Thank you for the insightful post! You mentioned that:

Consider the relation a transformer has to an HMM that produced the data it was trained on. This is general - any dataset consisting of sequences of tokens can be represented as having been generated from an HMM.

and the linear projection consists of:

Linear regression from the residual stream activations (64 dimensional vectors) to the belief distributions (3 dimensional vectors).

Given any natural language dataset, if we didn't have the ground truth belief distribution, is it possible to reverse engineer... (read more)

2Adam Shai
If I'm understanding your question correctly, then the answer is yes, though in practice it might be difficult (I'm actually unsure how computationally intensive it would be, haven't tried anything along these lines yet). This is definitely something to look into in the future!

Is there some theoretical result along the lines of "A sufficiently large transformer can learn any HMM"?

3Alexander Gietelink Oldenziel
Depending on what one means by 'learn' this is provably impossible. The reason has nothing to do with the transformer architecture (which one shouldn't think of as a canonical architecture in the grand scheme of things anyway). There is a 2-state generative HMM such that the optimal predictor of the output of said generative model provably requires an infinite number of states. This is for any model of computation, any architecture. Of course, that's maybe not what you intend by 'learn'. If you mean by 'learn' express the underlying function of an HMM then the answer is yes by the Universal Approximation Theorem (a very fancy name for a trivial application of the Stone-Weierstrass theorem). Hope this helped. 😄
3Olli Järviniemi
  Huh, either I'm misunderstanding or this is wrong. If you have Hidden Markov Models like in this post (so you have a finite number of states, fixed transition probabilities between them and outputs depending on the transitions), then the optimal predictor is simple: do Bayesian updates on the current hidden state based on the observations. For each new observation, you only need to do O(states) computations. Furthermore, this is very parallelizable, requiring only O(1) serial steps per observation.
6Alexander Gietelink Oldenziel
You are absolutely right and I am of course absolutely and embarrasingly wrong.  The minimal optimal predictor as a Hidden Markov Model of the simple nonunfilar is indeed infinite. This implies that any other architecture must be capable of expressing infinitely many states - but this is quite a weak statement - it's very easy for a machine to dynamically express finitely many states with finite memory. In particular, a transformer should absolutely be able to learn the MSP of the epsilon machine of the simple nonunifilar source - indeed it can even be solved analytically.   This was an embarrasing mistake I should not have made. I regret my rash overconfidence - I should have taken a moment to think it through since the statement was obviously wrong. Thank you for pointing it out. 
1Alexander Gietelink Oldenziel
Behold  
1Niclas Kupper
Where can I read about this 2-state HMM? By learn I just mean approximate via an algorithm. The UAT is not sufficient as it talks about learning a known function. Baum-Welch is such an algorithm, but as a far as I am aware it gives no guarantees on anything really.

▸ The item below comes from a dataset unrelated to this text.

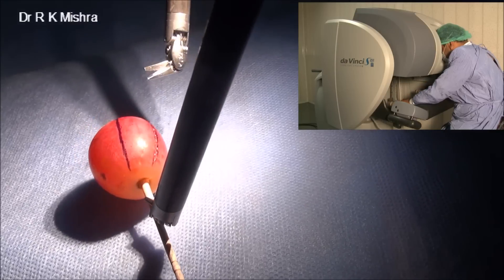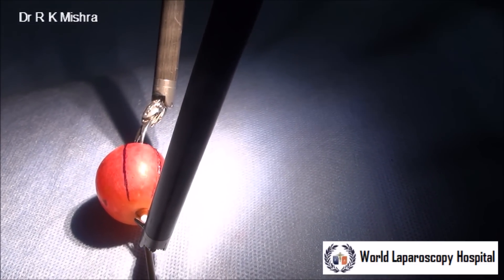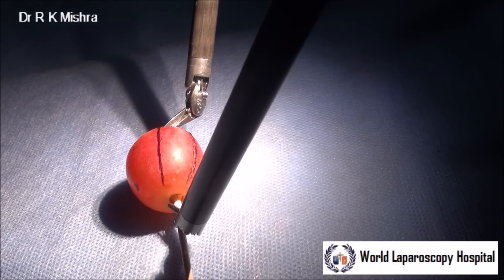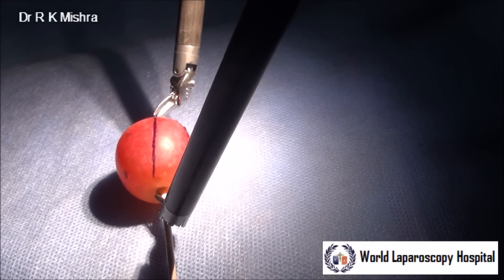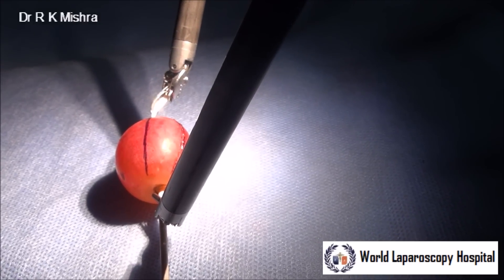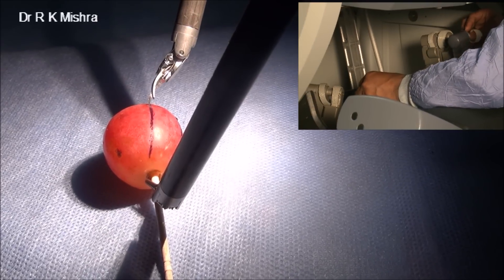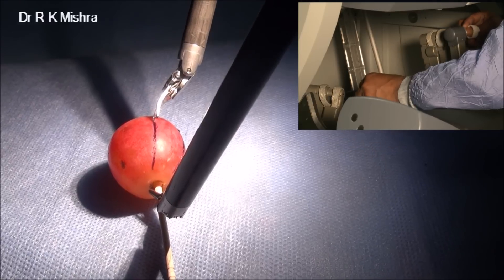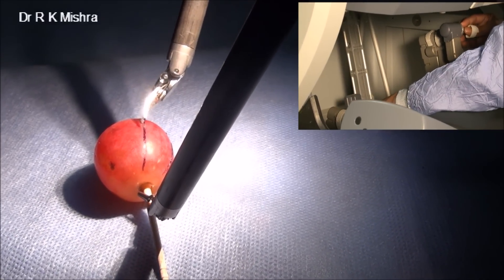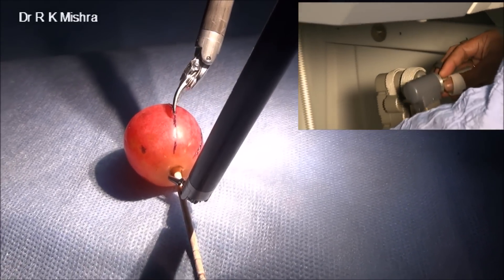Of course you need to have a very good hand to do that, but slowly, once you keep on practicing for many days, you can make the line as sharp as a knife. It is impossible to cut with that precision even with open surgery. If you take open scissors, it is not possible. But with the Da Vinci robot, if you stabilize it and slowly keep on cutting along these lines and keep on practicing for many days, you can achieve this skill.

Speaking of next steps, I'd love to see a transformer that was trained to manipulate those states (given target state and interactor's tokens, would emit its own tokens for interleaving)! I believe this would look even cooler, and may be useful in detecting if AI starts to manipulate someone.

Can you share the hyperparameters used to make this figure?

1Keenan Pepper
Ah, never mind, I believe I found the relevant hyperparameters here: https://github.com/adamimos/epsilon-transformers/blob/main/examples/msp_analysis.ipynb In particular, the stuff I needed was that it has only a single attention head per layer, and 4 layers.
1Keenan Pepper
Actually I would still really appreciate the training hyperparameters like batch size, learning rate schedule...
1tropea@gwu.edu
A simple suggestion on word usage: from "belief state" to "interpretive state."  This would align your comments better with disciplines more concerned with behavior than cognition.         JL Tropea.  
1Keenan Pepper
I think you may have meant this as a top-level comment rather than a reply to my comment?